Understanding the mean and variance of the Hypergeometric Distribution naturally leads to broader questions in statistics and probability:

  • What is the formula for the mean of a Hypergeometric Distribution?
    • $\mu = n \times (k/N)$
  • How do you calculate the expected number of successes in a Hypergeometric Distribution?
    • By using the mean formula $\mu = n \times (k/N)$.
  • What is the significance of variance in the Hypergeometric Distribution?
    • It measures the spread or variability of the number of successes in a sample around the mean, indicating how much outcomes are likely to deviate from the expectation.
  • How does sampling without replacement affect the mean and variance?
    • It doesn't affect the mean formula. However, it necessitates the finite population correction factor in the variance formula, which reduces the variance compared to sampling with replacement.
  • Compare the variance of the Hypergeometric and Binomial Distributions.

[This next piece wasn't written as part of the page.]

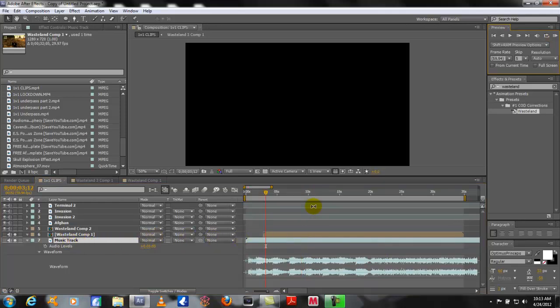So what we're going to do is RAM preview this, and as it's playing back you're going to press the asterisk key which is on the numeric keypad. Every time it hits a beat that you want, where it could possibly sync up, you just hit that button. Let's go.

    • The Hypergeometric variance is the Binomial variance multiplied by the finite population correction factor $(\frac{N-n}{N-1})$, which is always less than or equal to 1. Thus, Hypergeometric variance is generally smaller, especially when the sample size is a significant fraction of the population size.
  • In which real-world scenarios is the Hypergeometric mean formula applicable?
    • Any scenario where you draw a sample from a finite, defined population without putting items back, and you're interested in the expected number of items of a specific type. Examples include quality checks on a limited production run, analyzing lottery draws, or sampling from a finite group of individuals.
  • Why does the Hypergeometric variance include the correction factor $(\frac{N-n}{N-1})$?
    • This factor accounts for the dependency between draws introduced by sampling without replacement from a finite population. As the sample size increases relative to the population size, the probability of success on subsequent draws changes more significantly, reducing the overall variance.
  • What are the key parameters needed to calculate mean and variance in the Hypergeometric Distribution?
    • Population size ($N$), number of successes in the population ($k$), and sample size ($n$).
  • How does the population size ($N$) influence the variance of the Hypergeometric Distribution?
    • A larger population size ($N$) relative to the sample size ($n$) means the finite population correction factor $(\frac{N-n}{N-1})$ will be closer to 1, making the Hypergeometric variance closer to the Binomial variance. Conversely, a smaller $N$ relative to $n$ significantly reduces the variance.
  • Can you explain the impact of increasing sample size on the expected value and variance?
    • Expected Value: Increases proportionally to the sample size ($n$).
    • Variance: Increases with $n$, but the rate of increase is dampened by the finite population correction factor as $n$ grows larger relative to $N$. The variance will eventually approach zero as $n$ approaches $N$.